The story of Georg Elser is that of a real hero, an incredible example of humanism. A humble, incredibly smart (the nazi officials could not believe that he had managed to build that bomb) left wing christian (though close to the German Communist Party he was not affiliated) that fed up with what was happening before his eyes decided to take matters into his own hands and work alone for one year in a thorough plan to bomb out the Adolf motherfucker. Hitler left the venue 13 minutes before the bomb exploded, so those 13 minutes would cause suffering and destruction as humanity had never experienced before. I'm not going to tell you more, you just have to watch the film and search some information about this hero.

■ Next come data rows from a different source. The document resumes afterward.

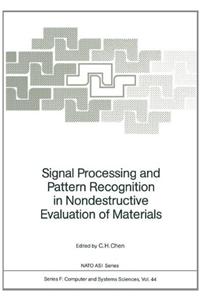 Signal Processing and Pattern Recognition in Nondestructive Evaluation of Materials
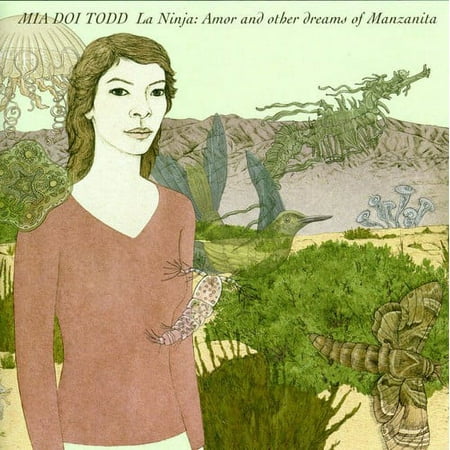 Mia Doi Todd - Ninja: Amor & Other Dreams of Manzanita - Alternative - CD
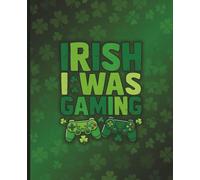 Irish I Was Gaming - St. Patrick’s Day Gamer Notebook for Kids, Fun Green Video Game Journal, 7.5x9.25 Inches, 120 Lined Pages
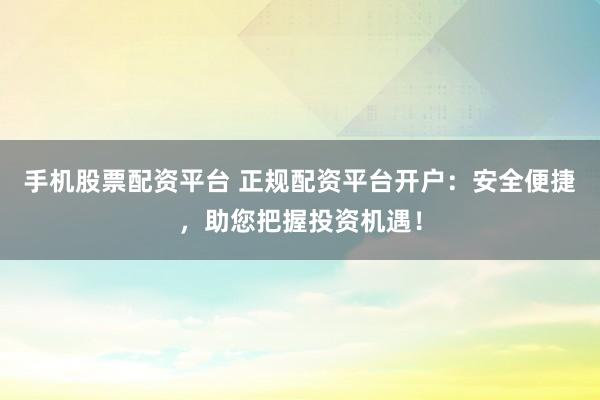 手机股票配资平台 正规配资平台开户：安全便捷，助您把握投资机遇！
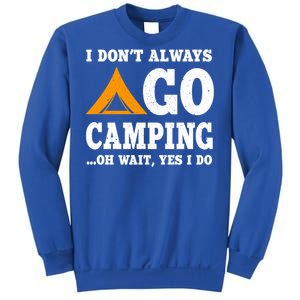 Funny Camping Saying Design Nature Lover Summer Camp Great Gift Sweatshirt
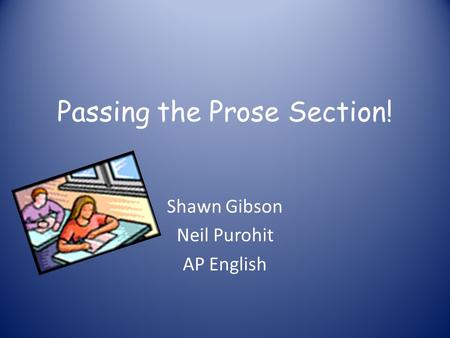 Passing the Prose Section!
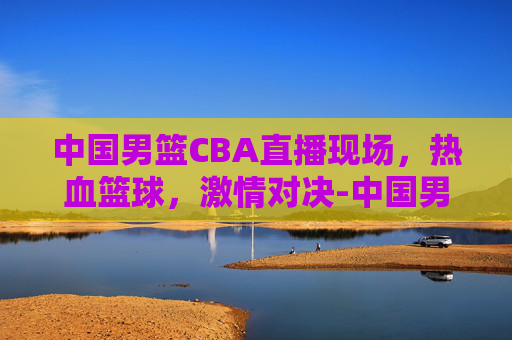 中国男篮CBA直播现场，热血篮球，激情对决-中国男篮cba直播现场视频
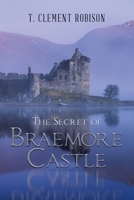 The Secret of Braemore Castle 166987804X Book Cover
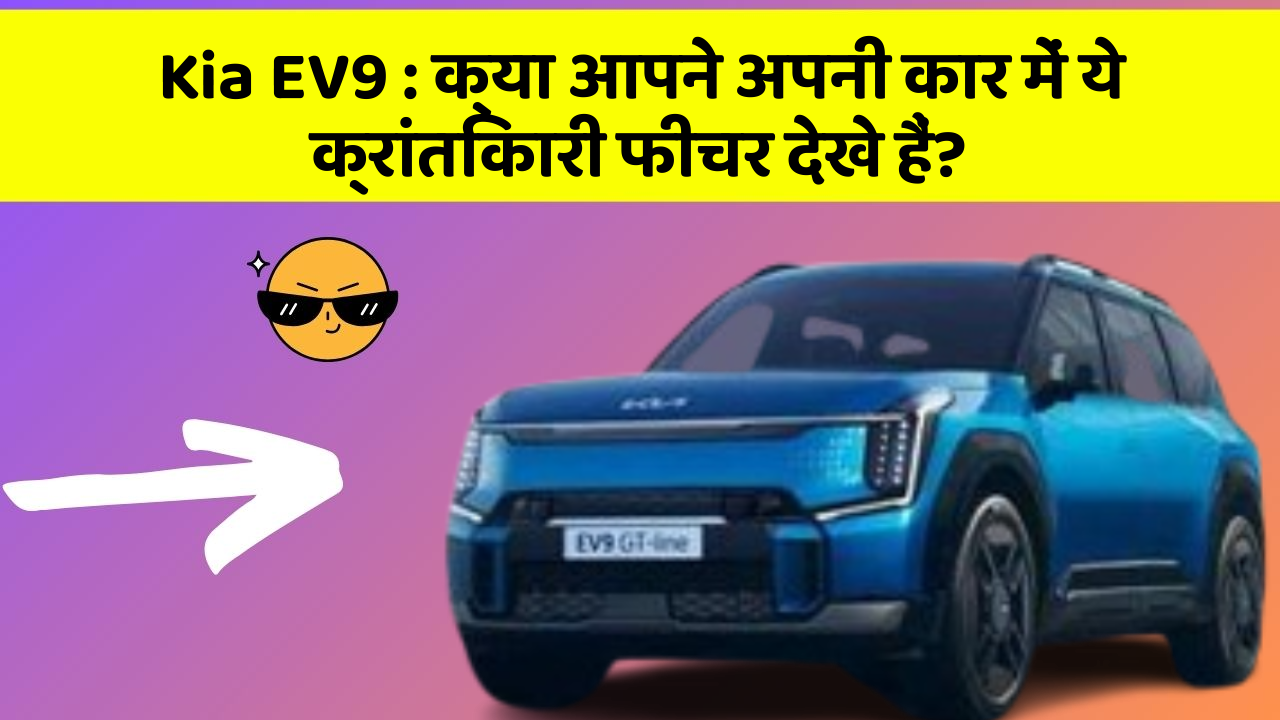 Kia EV9: क्या आपने अपनी कार में ये क्रांतिकारी फीचर देखे हैं?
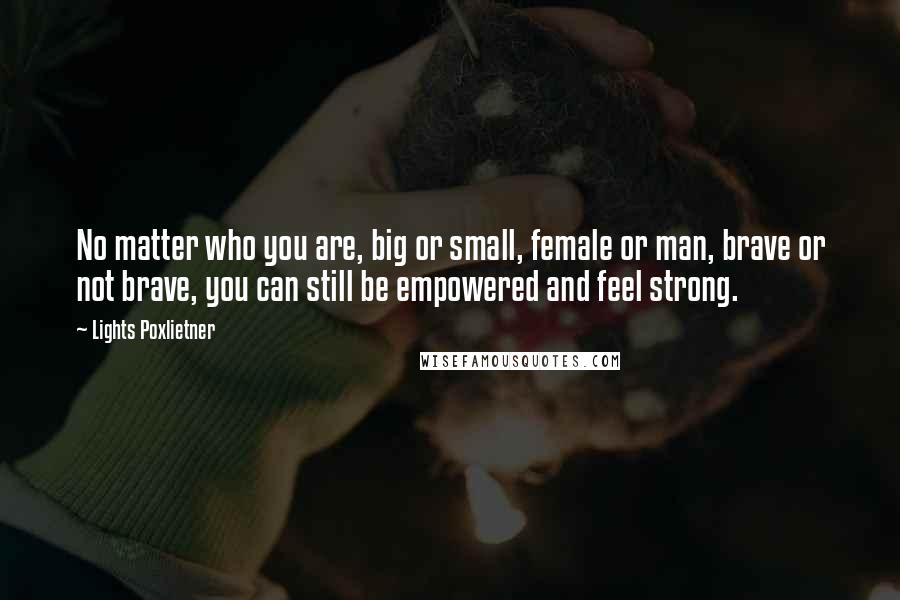 Lights Poxlietner Quotes: No matter who you are, big or small, female or man, brave or not brave, you can still be empowered and feel strong.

The German people is deeply aware of its recent history, of its failure as a society that allowed the Nazi monstrosity to deceive it, poison it and almost destroy it (well, with the rise of AFD this awareness seems to be starting to fade, and I don't say this for whatever the opinions of AFD regarding immigration, but because of their minimization or even approval of multiple aspects of the nazi regime). German society has lived with this feeling of guilt and responsibility for what happened, and you can still feel it today in facts like that the German left (contrary to the pro-Arab obsession of most of the European left) has never been particularly supportive of the Palestinians (unfortunately, this has started to change in the last years, caused by the massive increase of Muslims in the country, that as in the rest of Europe infiltrate any association, political group, whatever... with the only objective to push their own communitarian agenda). I'm waiting for the day when Muslims will infiltrate LGTB organizations to ask for homosexuality to be considered again a sickness and demand funds to get healed... OK, back to the point, so why has this hero been kept relatively hidden? Is it maybe to avoid any lessening in this feeling of guilt? Maybe knowing that there were individuals inside that society that fought against its destruction would reduce the idea of a whole society gone crazy and would reduce the sense of guilt? I don't think so, in that case Germans that saved Jews would also be kept under the carpet...

Maybe the problem lies in the fact that the bombing killed 8 people. One of them was a waitress, I don't know if she was a nazi sympathizer or a beautiful human being, the other 7 were part of the audience, so they were fucking nazis. The dead of an allegedly innocent person as collateral damage of an action that would have saved millions of lives should not undermine the value of such action, so I don't see this as an explanation... So honestly, I have no idea... Reading the Wikipedia entry I can see that he has received some recognition in the last decades, but anyway it seems too poor to me...

Watching this film reminded me of this really interesting German film about Sophie Scholl and the White Rose resistence movement. Another must see that shows us how one (small) part of the German people fought to their last breath against the Nazi madness.